Aerosols sources and their short lifetime (5 - 10 days) results into a spatial-temporal heterogeneous field that makes aerosol characterization real challenge   . Despite this, recent initiatives by organizations such as NASA among others have increasingly deployed a number of passive remote sensing platforms that provide systematic and accurate long-term measurements of aerosol characteristics over the globe. This initiative hasn’t been reciprocated adequately by the science community since a large percentage of the data actually used is low, in part because of a lack of efficient and effective analysis tools. For example, less than 5% of all remotely sensed images are ever viewed by human eyes or actually used  . Therefore, the increasing quantity and type of data available for climate change research studies among them atmospheric aerosols require effective feature extraction methods such as self-organizing map (SOM) and the growing hierarchical self-organizing map (GHSOM). Additionally, accurate extraction of key features and characteristic patterns of variability from a large data set is vital to correctly monitor atmospheric processes and how they alter climate change  .

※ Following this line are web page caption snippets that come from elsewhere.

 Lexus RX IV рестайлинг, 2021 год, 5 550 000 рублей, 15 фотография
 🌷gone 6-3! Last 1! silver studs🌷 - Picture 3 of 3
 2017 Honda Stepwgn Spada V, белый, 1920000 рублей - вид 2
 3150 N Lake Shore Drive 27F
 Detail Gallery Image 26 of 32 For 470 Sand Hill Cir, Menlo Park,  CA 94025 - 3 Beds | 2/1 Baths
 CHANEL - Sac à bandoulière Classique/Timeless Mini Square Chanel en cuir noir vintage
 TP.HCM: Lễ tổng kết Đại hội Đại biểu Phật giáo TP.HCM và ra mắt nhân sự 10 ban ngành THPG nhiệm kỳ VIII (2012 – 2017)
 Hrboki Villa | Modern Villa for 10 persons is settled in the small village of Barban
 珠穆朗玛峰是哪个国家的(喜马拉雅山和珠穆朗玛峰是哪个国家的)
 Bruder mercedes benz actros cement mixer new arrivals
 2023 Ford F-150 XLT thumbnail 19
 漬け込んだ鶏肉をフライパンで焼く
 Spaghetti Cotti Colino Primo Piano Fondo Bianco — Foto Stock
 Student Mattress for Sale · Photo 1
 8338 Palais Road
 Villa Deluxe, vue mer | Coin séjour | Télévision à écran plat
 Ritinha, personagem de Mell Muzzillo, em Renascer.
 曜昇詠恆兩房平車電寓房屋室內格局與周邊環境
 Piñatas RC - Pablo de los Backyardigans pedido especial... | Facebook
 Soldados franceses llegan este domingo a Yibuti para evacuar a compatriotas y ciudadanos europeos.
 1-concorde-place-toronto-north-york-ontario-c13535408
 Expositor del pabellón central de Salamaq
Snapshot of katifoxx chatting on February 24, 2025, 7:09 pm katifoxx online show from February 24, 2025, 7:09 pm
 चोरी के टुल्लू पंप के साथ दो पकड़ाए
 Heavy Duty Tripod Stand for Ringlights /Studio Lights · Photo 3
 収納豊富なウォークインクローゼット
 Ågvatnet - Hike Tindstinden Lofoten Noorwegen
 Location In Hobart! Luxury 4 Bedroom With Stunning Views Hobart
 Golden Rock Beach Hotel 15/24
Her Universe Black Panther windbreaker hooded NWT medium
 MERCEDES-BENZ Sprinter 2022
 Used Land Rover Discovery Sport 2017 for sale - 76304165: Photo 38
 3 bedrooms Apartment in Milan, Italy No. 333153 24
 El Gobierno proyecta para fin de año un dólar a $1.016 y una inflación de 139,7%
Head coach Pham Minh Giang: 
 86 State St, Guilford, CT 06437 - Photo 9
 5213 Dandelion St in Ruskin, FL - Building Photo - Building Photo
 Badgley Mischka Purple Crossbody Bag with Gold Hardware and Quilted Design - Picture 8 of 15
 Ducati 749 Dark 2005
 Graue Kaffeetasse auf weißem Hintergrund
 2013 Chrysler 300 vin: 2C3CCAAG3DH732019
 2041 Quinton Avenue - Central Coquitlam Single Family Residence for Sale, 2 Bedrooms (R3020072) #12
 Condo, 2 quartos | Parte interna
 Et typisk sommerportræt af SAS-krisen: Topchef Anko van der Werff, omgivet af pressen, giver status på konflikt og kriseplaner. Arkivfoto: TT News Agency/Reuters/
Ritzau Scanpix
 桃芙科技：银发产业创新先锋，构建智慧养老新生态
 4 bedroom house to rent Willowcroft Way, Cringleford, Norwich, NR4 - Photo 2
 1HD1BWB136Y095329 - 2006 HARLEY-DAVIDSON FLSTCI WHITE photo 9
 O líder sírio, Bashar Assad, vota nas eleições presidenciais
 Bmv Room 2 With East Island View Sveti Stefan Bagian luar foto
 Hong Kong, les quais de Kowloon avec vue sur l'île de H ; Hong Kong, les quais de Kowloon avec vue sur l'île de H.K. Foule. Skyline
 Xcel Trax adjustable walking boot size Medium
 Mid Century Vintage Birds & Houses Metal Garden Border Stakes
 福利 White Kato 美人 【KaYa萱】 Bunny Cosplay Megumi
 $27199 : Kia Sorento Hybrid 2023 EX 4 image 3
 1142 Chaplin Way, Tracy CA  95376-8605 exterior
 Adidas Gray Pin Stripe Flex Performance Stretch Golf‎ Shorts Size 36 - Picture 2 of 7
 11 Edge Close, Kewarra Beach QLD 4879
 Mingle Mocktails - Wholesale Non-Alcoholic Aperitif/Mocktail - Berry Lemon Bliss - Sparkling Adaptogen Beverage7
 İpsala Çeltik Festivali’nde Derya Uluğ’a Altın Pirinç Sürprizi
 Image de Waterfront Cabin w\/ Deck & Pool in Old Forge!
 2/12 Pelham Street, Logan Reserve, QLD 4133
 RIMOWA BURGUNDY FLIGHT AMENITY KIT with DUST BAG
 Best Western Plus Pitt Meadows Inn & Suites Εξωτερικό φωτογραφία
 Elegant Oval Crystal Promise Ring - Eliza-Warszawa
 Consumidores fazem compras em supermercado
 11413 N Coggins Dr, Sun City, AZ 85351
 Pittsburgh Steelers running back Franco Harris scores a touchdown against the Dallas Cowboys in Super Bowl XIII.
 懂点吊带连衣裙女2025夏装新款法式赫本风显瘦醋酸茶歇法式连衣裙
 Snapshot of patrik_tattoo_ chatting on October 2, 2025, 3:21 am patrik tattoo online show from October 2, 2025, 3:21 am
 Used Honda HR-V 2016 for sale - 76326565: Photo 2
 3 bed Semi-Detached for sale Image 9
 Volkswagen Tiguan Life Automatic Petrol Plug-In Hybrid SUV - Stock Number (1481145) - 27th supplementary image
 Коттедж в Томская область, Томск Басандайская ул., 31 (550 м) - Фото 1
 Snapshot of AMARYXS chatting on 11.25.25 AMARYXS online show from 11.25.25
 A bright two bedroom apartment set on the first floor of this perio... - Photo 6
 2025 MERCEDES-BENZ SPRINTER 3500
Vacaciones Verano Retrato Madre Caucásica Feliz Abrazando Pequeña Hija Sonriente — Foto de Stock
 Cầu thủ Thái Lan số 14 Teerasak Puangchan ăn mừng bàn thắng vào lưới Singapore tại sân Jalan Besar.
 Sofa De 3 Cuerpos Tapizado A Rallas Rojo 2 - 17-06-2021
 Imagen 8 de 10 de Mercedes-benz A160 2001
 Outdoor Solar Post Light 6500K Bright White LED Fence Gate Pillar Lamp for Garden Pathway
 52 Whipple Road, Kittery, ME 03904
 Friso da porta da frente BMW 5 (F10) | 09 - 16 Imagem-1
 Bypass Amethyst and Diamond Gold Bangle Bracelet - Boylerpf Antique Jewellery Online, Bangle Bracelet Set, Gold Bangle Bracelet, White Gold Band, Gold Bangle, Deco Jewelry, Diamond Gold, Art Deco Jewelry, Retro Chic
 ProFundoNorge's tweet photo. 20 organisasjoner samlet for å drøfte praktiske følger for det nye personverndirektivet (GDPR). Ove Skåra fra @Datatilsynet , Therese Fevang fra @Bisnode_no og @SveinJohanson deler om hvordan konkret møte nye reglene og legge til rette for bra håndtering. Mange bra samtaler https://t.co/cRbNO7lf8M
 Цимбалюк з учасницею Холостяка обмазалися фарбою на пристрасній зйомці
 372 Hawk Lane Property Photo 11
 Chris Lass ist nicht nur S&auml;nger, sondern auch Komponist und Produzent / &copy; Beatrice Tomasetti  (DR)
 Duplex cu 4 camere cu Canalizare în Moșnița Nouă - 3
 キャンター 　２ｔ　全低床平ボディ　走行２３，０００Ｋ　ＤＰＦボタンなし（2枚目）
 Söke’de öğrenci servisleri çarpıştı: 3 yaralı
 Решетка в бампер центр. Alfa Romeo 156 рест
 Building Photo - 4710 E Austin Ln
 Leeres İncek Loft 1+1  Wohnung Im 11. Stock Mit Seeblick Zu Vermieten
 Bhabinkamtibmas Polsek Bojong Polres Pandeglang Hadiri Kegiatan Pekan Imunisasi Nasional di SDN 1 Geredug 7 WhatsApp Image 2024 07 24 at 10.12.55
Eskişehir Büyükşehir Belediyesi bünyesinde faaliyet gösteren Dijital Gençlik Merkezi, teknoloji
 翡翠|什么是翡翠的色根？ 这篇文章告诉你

Techniques for pattern detection i.e. clustering, classifying and feature extraction for multi-dimensional spectroscopic datasets are becoming increasingly important since the previous is growing in size and complexity. The SOM, an artificial neural network based on unsupervised learning, is an effective software tool of feature extraction   . It provides a nonlinear cluster analysis, mapping high dimensional data onto a (usually) 2D output space while preserving the topological relationships of the input data. As a tool for pattern recognition and classification, the SOM analysis is in widespread use across a number of disciplines among the climate research    .
Notwithstanding its wide applications, SOM analysis has inherent deficiencies. First, it utilizes static network architecture with respect to the number and arrangement of neural nodes that are predefined prior to the start of training. Second, hierarchical relations between the input data are difficult to be detected in the map display. These two issues have been addressed within a single framework of the GHSOM that is available   . The GHSOM is composed of independent SOMs, which are allowed to grow in size during the training process until a quality criterion regarding data representation is met. This growth process is further continued to form a layered architecture such that hierarchical relations between input data are further detailed at lower layers of the neural network.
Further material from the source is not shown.